9. Announcing that you’re about to purge your friend list, then confirming that if we can see the message, we’ve “made it.”
What are you, 8? You are too old to be playing this whole, “he’s not my friend anymore,” game. It looks ridiculous. Just delete them. You create more drama when you announce it. Half of the time the people you’re deleting don’t even realize it happened. But now that you’ve gone and announced it publicly, you’ve brought their attention to it, which leads to an inbox, which leads to a back and fourth, which then leads to a status where you say, “Some folks didn’t realize what I was talking about!” which leads us back to number 8. Just shut up and do it.
10. The cell phone wars
We get it, you love your Android/iPhone. We. Get it! At the end of the day, if it can make a blasted phone call, it really doesn’t matter what else it can do. Stop finding articles to show your Android/iPhone friend why they should have bought an iPhone/Android instead. Nobody cares! It’s just a phone! Stop worrying about how much someone paid for it, or how long they stood in line, or how the battery kept blowing up in….ok…well…that did actually matter. But everything else doesn’t matter.

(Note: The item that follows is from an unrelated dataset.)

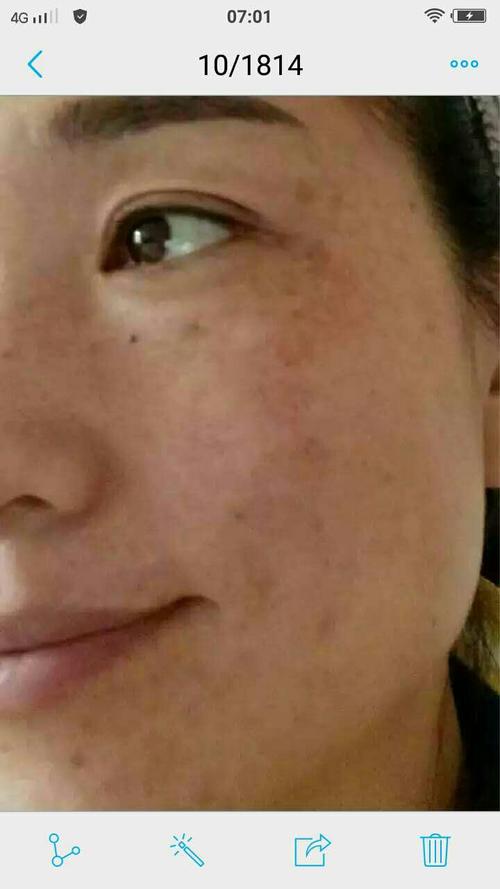 谁知道我下巴上和脸颊边上那块黑色得斑是什么!是痘痘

11. Insisting that if people can do “this” then they can do “that.”
You don’t know them! Maybe the PTA meeting was scheduled the same day they had to stay late at work. Maybe they’re on a payment plan to pay for their phone. Maybe the shoes were a gift. Maybe the car was won at an auction. Maybe she did her own nails/hair. Stop trying to quantify a person’s care for something by measuring it against something you think they should care more about. It’s none of your business. You have no idea how much time they invest in the things you can’t see, nor do you have a right to judge them. And yes…I realize that the tone of this one was way more serious than the others…moving on.
12. Posting your relationship status without rings.
Trust me…don’t. It’ll save you the headache later.
You know I’m right.
I very much hope you have a happy and prosperous new year!